The Economy That Cried Wolf (Of Wall Street)

(title card concept stolen from Martin Scorsese and Jesse Hawken)

This past March, when the pandemic shut the economy down by forcing everyone to stay home from work, may have been the last time the stock market worked the way it was supposed to. The major equity indexes, the minor equity indexes, and the bond markets… all fell out of bed in a reasonable response to the obvious: There wasn’t going to be any more money coming in.

The massive daisy chain of corporate bonds that held the balance sheets of the companies that own and operate vital portions of the economy was in danger of falling apart, because the money being earned to make the payments wasn’t going to be earned anymore. Massive defaults were inevitable.

The Federal Reserve and the US Treasury, who are tasked with preventing that sort of thing, made damned sure it didn’t happen. They stepped up with the money and backing to float the whole works. They got under the bond market and made all that garbage corporate debt practically government paper.

They “lent” trillions to the commercial banks, who made forgivable PPP loans to their business clients at their own discretion. An ocean of money flooded into a financial system nominally tied to an economy that suddenly had a lot fewer places to earn it.

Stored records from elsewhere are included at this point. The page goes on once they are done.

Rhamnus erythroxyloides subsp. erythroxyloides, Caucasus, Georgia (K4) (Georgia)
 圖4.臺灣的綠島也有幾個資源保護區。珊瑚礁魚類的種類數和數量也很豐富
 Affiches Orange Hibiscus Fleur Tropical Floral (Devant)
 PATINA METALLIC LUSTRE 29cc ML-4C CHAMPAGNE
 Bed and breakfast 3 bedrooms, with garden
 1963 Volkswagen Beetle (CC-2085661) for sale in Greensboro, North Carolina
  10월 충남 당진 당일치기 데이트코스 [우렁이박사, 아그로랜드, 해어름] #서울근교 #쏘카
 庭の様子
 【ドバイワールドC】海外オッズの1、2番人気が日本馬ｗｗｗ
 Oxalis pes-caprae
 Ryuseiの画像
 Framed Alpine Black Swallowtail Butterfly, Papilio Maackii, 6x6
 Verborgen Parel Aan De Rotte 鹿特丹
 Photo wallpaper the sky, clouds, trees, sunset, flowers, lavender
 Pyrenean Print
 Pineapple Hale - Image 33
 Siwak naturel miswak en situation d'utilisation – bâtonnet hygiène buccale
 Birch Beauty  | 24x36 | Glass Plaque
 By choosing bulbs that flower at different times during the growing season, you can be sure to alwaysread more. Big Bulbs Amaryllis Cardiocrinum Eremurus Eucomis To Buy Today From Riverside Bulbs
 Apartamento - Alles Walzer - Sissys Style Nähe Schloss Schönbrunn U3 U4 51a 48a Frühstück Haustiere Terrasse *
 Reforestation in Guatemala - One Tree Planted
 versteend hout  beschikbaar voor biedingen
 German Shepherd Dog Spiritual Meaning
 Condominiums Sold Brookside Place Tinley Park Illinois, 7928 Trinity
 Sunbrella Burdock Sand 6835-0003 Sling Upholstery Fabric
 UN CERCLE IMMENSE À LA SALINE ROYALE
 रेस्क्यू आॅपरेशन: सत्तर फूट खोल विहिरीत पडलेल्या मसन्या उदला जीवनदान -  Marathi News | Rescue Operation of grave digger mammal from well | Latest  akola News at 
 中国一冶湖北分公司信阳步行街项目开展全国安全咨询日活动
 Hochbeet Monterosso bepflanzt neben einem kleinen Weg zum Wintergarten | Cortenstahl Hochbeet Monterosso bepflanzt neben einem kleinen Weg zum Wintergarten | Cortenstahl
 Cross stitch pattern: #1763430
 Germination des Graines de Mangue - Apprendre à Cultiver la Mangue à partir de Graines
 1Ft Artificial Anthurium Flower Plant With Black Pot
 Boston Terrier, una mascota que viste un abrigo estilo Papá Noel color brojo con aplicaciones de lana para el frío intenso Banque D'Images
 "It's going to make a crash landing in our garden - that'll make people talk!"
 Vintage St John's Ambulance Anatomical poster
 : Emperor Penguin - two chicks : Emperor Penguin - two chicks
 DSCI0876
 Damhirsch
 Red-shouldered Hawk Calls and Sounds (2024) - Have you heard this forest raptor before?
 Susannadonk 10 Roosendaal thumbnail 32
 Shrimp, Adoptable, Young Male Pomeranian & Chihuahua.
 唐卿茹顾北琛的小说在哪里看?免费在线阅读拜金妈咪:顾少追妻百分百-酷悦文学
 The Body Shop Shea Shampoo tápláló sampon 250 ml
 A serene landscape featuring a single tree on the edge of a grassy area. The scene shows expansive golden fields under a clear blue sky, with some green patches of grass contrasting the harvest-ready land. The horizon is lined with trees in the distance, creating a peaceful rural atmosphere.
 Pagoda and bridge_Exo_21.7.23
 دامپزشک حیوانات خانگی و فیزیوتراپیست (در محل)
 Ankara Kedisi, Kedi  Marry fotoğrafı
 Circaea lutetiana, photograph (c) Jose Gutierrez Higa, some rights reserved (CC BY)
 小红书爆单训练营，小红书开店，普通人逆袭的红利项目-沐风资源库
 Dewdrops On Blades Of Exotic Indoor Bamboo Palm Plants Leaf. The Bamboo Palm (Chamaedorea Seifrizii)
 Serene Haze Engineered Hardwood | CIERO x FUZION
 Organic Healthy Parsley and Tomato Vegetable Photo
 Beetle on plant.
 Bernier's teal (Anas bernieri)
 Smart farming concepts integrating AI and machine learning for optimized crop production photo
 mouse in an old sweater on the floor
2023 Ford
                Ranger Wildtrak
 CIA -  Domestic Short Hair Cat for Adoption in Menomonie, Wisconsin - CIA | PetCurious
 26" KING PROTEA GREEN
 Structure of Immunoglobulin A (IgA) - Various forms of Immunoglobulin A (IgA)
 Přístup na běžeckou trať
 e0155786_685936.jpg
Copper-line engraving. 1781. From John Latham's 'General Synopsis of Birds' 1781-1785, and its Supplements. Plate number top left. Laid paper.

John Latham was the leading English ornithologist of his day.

With unemployment at highs and GDP at lows, the markets took off. Stocks are reflections of the future, and anyone who wasn’t out busting their ass making deliveries for Skip the Dishes had a whole lot of time to dream about the future. It is through this period that we experienced the rise in tech spec, as Cathie Wood and Elon Musk took pure fantasy and packaged it into new kinds of investment products that quickly became more valuable than small nation states.

As Americans lined up for food banks, and anyone who wanted to work for a living was told to download the app and embrace the “gig economy,” they got the message: There’s no help coming for the actual economy. The government isn’t going to build another Hoover Dam or Interstate Highway System or anything like that. It certainly isn’t going to cover anyone’s rent or otherwise freeze housing payments.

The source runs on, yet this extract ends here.